Polska ma się wycofać do 2 maja. Nieoficjalne doniesienia z KE
Wprowadzenie przez Polskę zakazu importu produktów rolnych z Ukrainy wywołało oburzenie nie tylko ze strony wschodnich sąsiadów. Komisja Europejska postanowiła zareagować. Mamy czas do 2 maja.
Polska musi się wycofać z zakazu importu z Ukrainy kilkudziesięciu artykułów żywnościowych. Jak dowiedziała się PAP, Komisja Europejska ma zamiar wprowadzić od 2 maja własne środki zapobiegawcze w sprawie produktów rolnych z Ukrainy. Do 2 maja Polska ma wycofać się ze swojego zakazu.
Polskie rozwiązanie ma zostać zastąpione unijnym embargiem na cztery artykuły - pszenicę, kukurydzę, rzepak i nasiona słonecznika.
KE osiągnęła zasadnicze porozumienie z Bułgarią, Węgrami, Polską, Rumunią i Słowacją w sprawie ukraińskich produktów rolno-spożywczych - napisał w piątek na Twitterze wiceprzewodniczący komisji odpowiedzialny za kwestie handlu Valdis Dombrovskis.
Dalsza część artykułu pod materiałem wideo
Z komisarzem ds. rolnictwa Januszem Wojciechowskim podjęliśmy działania w odpowiedzi na obawy zarówno rolników w krajach sąsiadujących z Ukrainą, jak i na Ukrainie - dodał Dombrovskis.

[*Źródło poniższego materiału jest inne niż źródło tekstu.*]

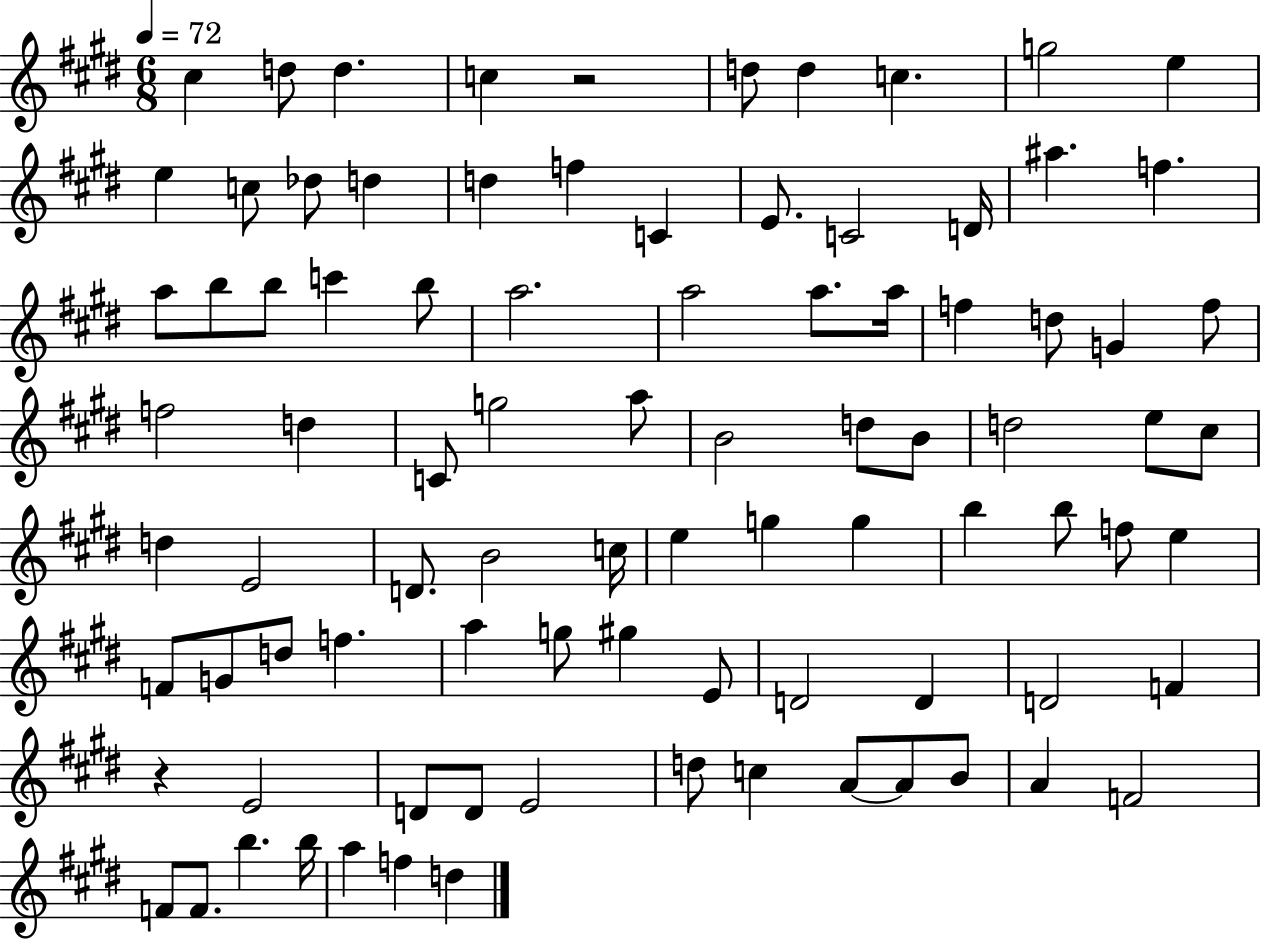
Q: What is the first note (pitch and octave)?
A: C#5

Von der Leyen: porozumienie chroni Ukrainę, jak i europejskich rolników
- Kluczowe elementy umowy, uzgodnione również z Ukrainą, to: cofnięcie jednostronnych środków przez Polskę, Słowację, Bułgarię i Węgry; wyjątkowe środki ochronne dla 4 produktów: pszenicy, kukurydzy, rzepaku i ziaren słonecznika; pakiet wsparcia w wysokości 100 mln euro dla poszkodowanych rolników w 5 państwach członkowskich; zapewnienie badań niektórych innych produktów, w tym oleju słonecznikowego; prace nad zapewnieniem eksportu do innych krajów za pośrednictwem korytarzy solidarnościowych - wyliczył wiceszef KE.
Przewodnicząca Komisji Europejskiej Ursula von der Leyen wyraziła przekonanie, że osiągnięte porozumienie "chroni zarówno zdolność eksportową Ukrainy, aby mogła ona nadal żywić świat, jak i źródła utrzymania naszych rolników".